INFORMATION below:

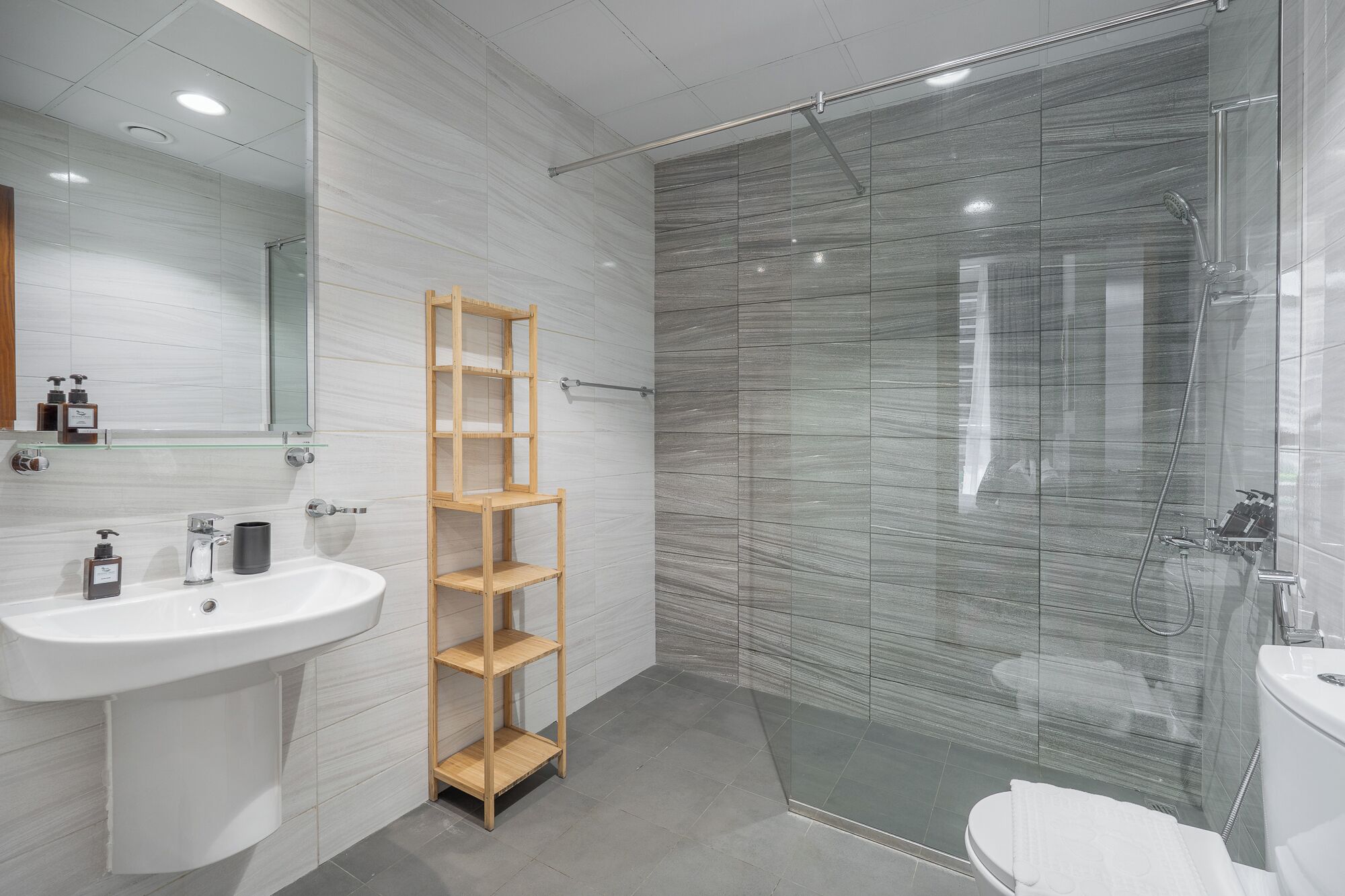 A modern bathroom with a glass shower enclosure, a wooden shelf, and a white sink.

End of INFORMATION.
INFORMATION below:

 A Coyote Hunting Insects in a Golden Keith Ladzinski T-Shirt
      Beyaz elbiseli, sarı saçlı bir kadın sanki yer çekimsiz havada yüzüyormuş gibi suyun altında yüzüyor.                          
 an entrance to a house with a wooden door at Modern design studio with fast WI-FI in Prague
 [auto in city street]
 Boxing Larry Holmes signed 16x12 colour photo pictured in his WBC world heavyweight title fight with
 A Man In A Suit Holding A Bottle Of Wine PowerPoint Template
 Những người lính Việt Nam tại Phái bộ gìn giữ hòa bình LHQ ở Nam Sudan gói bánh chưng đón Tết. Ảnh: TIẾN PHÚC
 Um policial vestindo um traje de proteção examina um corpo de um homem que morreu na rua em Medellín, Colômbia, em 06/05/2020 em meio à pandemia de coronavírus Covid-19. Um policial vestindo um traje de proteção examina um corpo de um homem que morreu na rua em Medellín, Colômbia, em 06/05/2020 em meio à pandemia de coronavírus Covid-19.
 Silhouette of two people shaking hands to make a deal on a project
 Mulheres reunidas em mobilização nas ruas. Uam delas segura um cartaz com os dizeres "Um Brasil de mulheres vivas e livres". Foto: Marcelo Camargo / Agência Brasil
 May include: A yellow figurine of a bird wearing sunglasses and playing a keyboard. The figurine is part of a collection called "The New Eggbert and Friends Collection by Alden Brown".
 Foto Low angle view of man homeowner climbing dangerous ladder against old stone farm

End of INFORMATION.

_PROBLEM TO SOLVE_
An exact copy of the lines above between the line holding "May include: A" and the line holding "Foto Low angle", inclusive, is the whole answer.

_RESPONSE TO THE TASK_
 May include: A yellow figurine of a bird wearing sunglasses and playing a keyboard. The figurine is part of a collection called "The New Eggbert and Friends Collection by Alden Brown".
 Foto Low angle view of man homeowner climbing dangerous ladder against old stone farm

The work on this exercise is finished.